En désespoir de cause, une commune des Côtes-d’Armor a posé un panneau au bord de la route pour trouver un médecin. MAXPPP/MAXPPP

FIGAROVOX/TRIBUNE – Frédéric Paing, médecin généraliste et Jean-René Binet, maire LR de Hauteville-sur-Mer, s’opposent au projet de loi contre les déserts médicaux. En plus de ne résoudre en rien le problème d’accès aux soins, ce texte désigne les médecins comme coupables, déplorent-ils.

Le Dr Frédéric Paing est médecin généraliste et membre actif du collectif «Santé en danger».

Jean-René Binet est professeur de droit, et maire LR de Hauteville-sur-Mer.
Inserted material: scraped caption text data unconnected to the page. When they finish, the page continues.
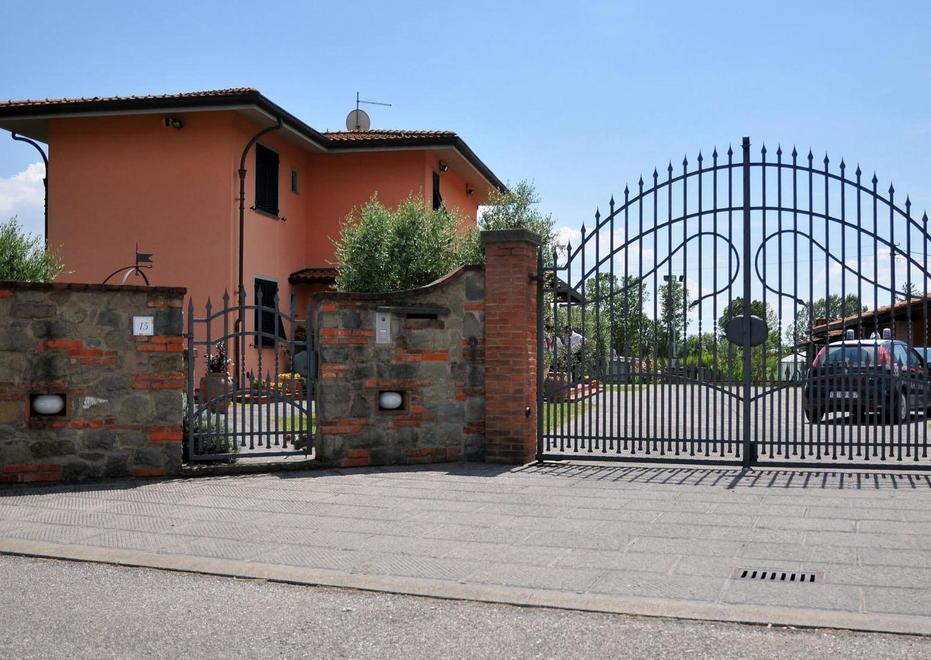 Quindicenne trovata morta in bagno 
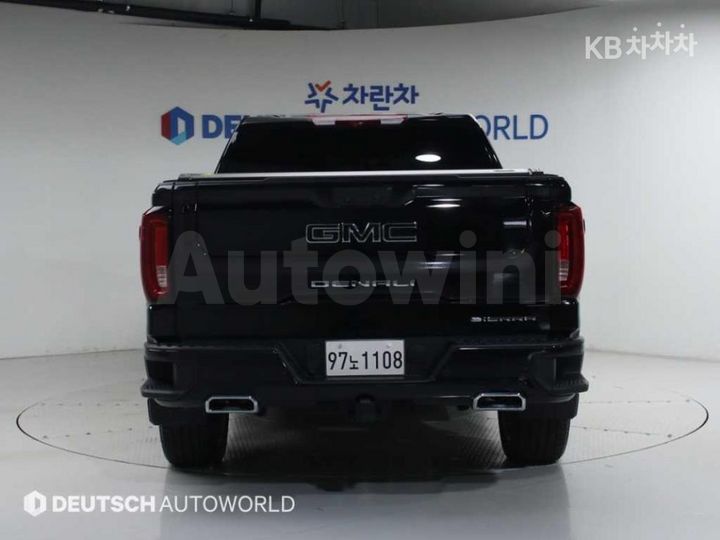 GMC Sierra 2023 — 4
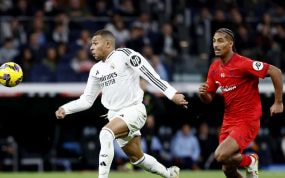 Badé pugna con un balón con Mbappé.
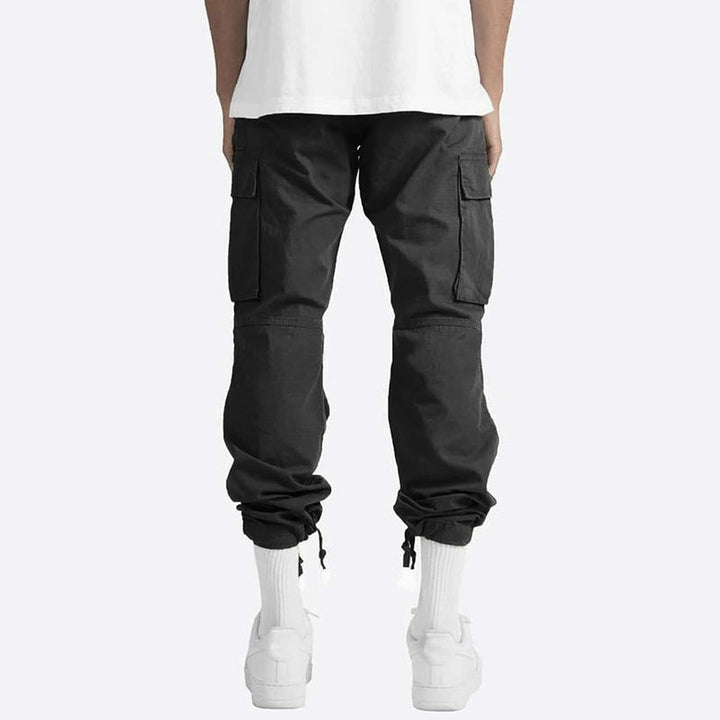 Herre moderne cargo bukser, khakifarvede, med rigelige lommer og smalle ben, alsidigt design.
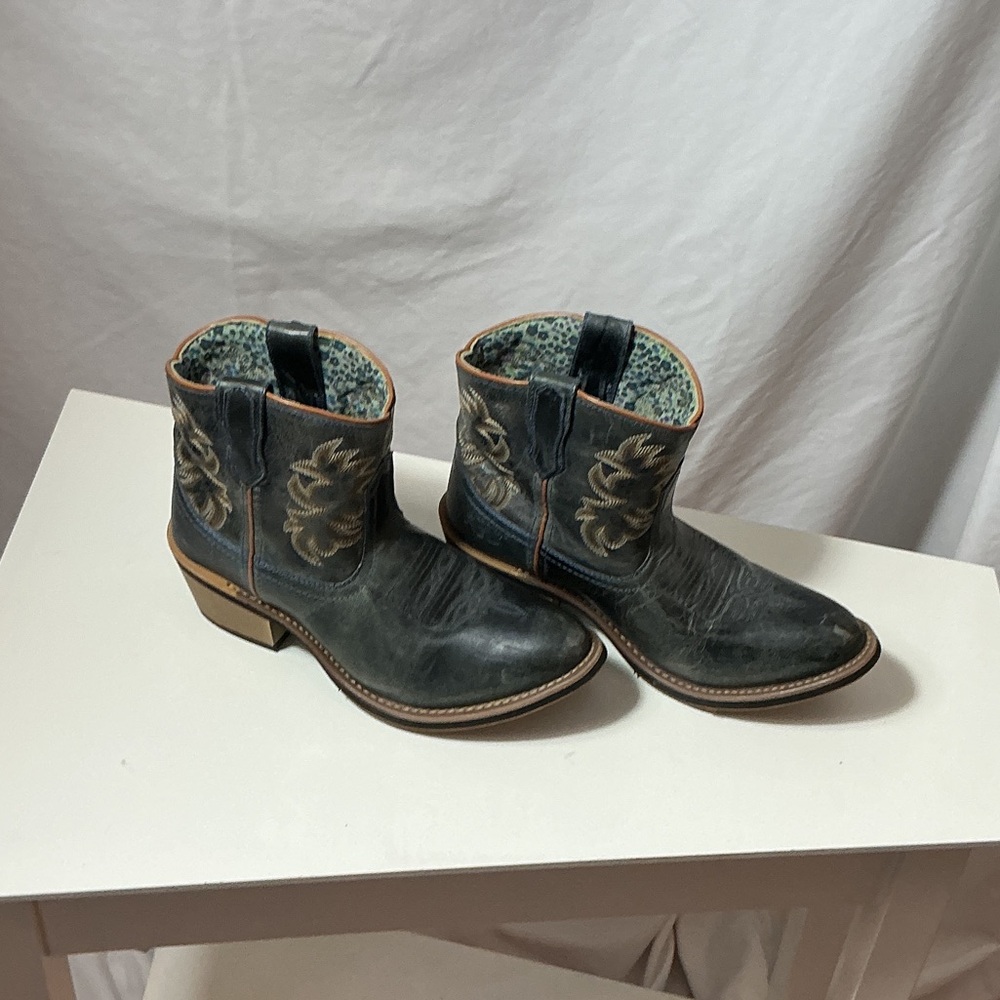 Laredo Western Short Shaft Leather Ankle Boots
Une proposition de loi « contre les déserts médicaux» a été enregistrée à la présidence de l’Assemblée nationale le 17 janvier 2023. Une telle initiative peut sembler aller dans le bon sens tant il est difficile de contester les difficultés d’accès aux soins de nos concitoyens : chacun l’a vécu personnellement ou dans son entourage. C’est le constat que font les élus locaux, alertés par leurs administrés légitimement inquiets pour leur santé. Certains parlementaires, dans la précipitation proposent alors des solutions qui n’ont pas toujours l’évidence qui leur est prêtée. C’est le cas de cette proposition, dont le contenu n’est malheureusement pas de nature à régler le problème et qui s’inscrit en outre dans un contexte particulièrement accablant pour les médecins. Ce manque de clairvoyance est d’autant plus dommageable que des solutions efficaces à court terme existent.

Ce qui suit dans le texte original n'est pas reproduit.